An implementation by Bergner et al. (2015) used an asynchronous communication network to propagate pressure measurements. Packets containing pressure intensity and other measurements were sent only when a significant change in pressure was detected at individual sensing modules. Due to the sparse nature of tactile signals, information from 780 taxels sampled at 250 Hz were reliably transmitted while consuming less than half the communication bandwidth under a worse case scenario. While the results were promising, the focus of the work was to reconstruct 2D pressure maps with minimal error. We believe this application and performance is complementary to the spatiotemporal representation proposed in this paper.
This section describes the two main methods used in the investigation of our hypothesis—FEM modeling and physical experiments. The section begins with a discussion on the origins of spatiotemporal features in mechanoreceptor responses and how the representations are reproduced using our FEM model. This is followed by a description of the physical experimental setup. Finally, we present the methodology used to compute the information content within outputs of both the FEM simulation and recordings from the physical sensor array.
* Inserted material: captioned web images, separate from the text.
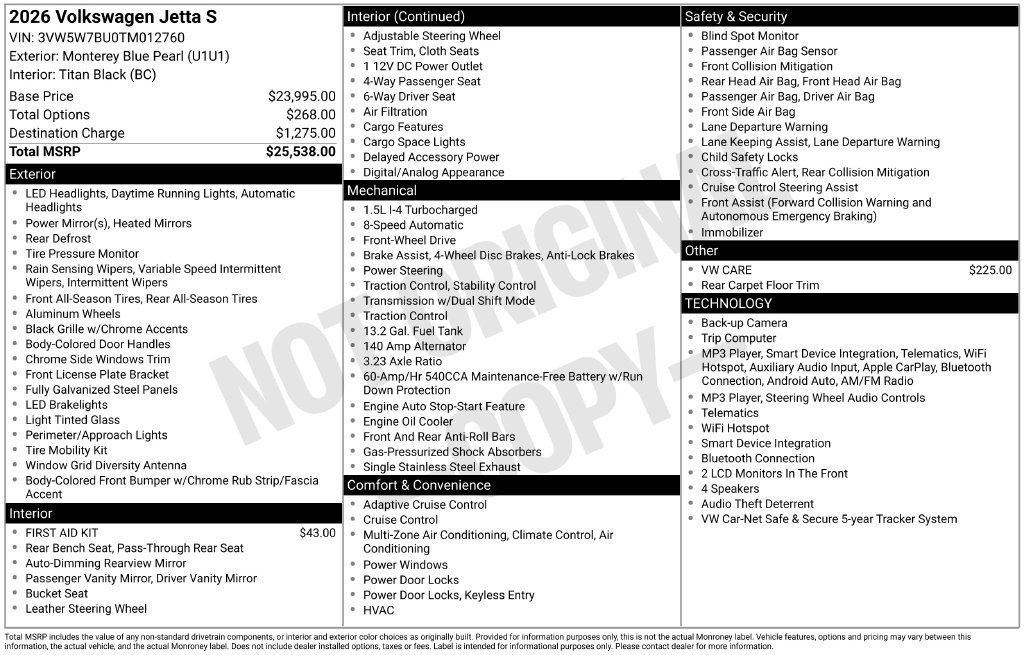 Used 2026 Volkswagen Jetta S FWD image 1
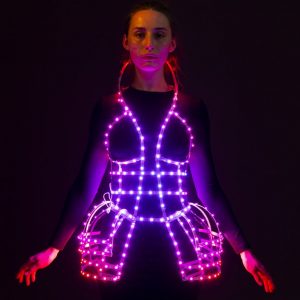 Rave LED light up rainbow Cage dress outfit _C42-1 - by ETERESHOP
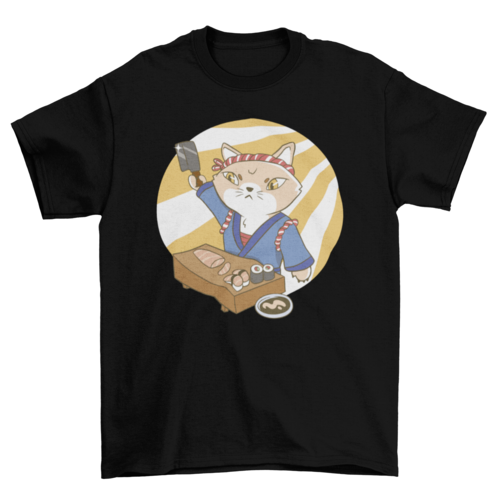 Sushi master cat cartoon animal chef food t-shirt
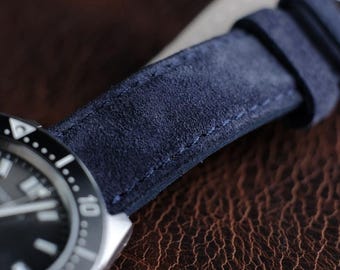 Handmade Suede Leather Watch Strap – Navy Blue, Green, Taupe, Tan, Brown, Black | Quick Release, Custom Size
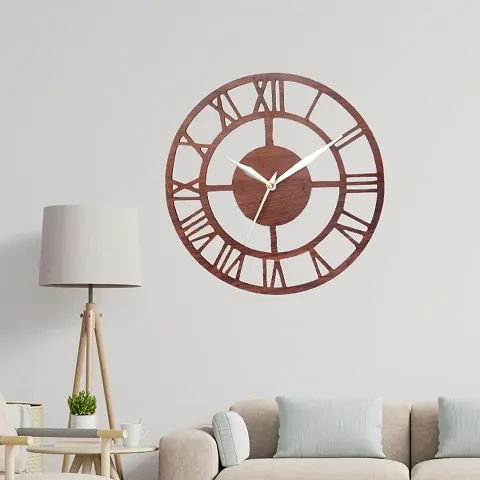 National Wooden Round Roman Numeric Wall Clock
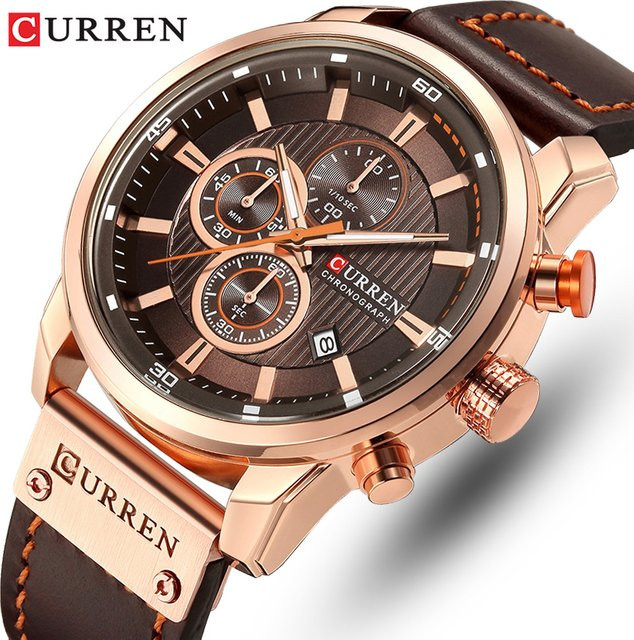 CURREN Armbanduhr Chronograph, Quarz, Leder, Schwarz, Roségold, Herren - Bild 1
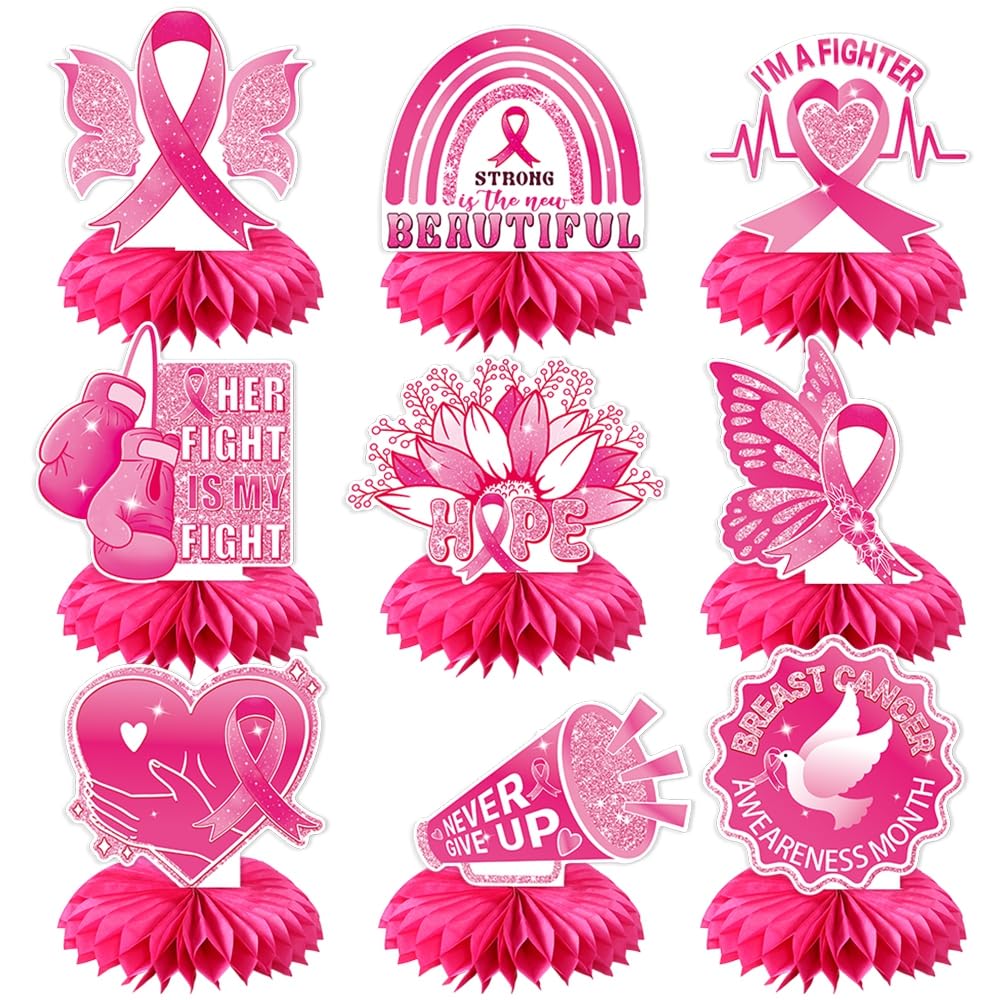 LOONELO 9pcs Breast Cancer Awareness Honeycomb Centerpieces Decorations, Pink Ribbon Centerpiece Table Toppers, Faith Strength Courage Table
3.1. Monte Carlo FEM Simulation
During mechanical contact, skin deformation results in distributed patterns of pressure that trigger tactile afferents in a precise sequence, creating spike patterns that are spatially and temporally distinct (Figure 1). The number of unique representations or dimensionality of a spatiotemporal code is dependent on the (a) length of decoding time window, (b) temporal precision of the spikes, and (c) number of mechanoreceptors involved. Experimentally, it has been observed that human fingertips are innervated with an exceptional density of mechanoreceptors (Johansson and Flanagan, 2009). The afferents exhibit highly overlapping receptive fields, partly as a consequence of the soft and conformable supportive tissues beneath (Johansson and Flanagan, 2009). Combined with sub-millisecond temporal precision, spatiotemporal spiking patterns have the potential to encode a large range of stimuli within a short time window. Using this biological mechanism as an inspiration, we designed our simulations and experiments to target soft sensors with high density.
Figure 1. Formation of spatiotemporal spike patterns. Skin deformation during mechanical contact produces distributed patterns of pressure that triggers tactile afferents in a sequence to produce a spiking response pattern.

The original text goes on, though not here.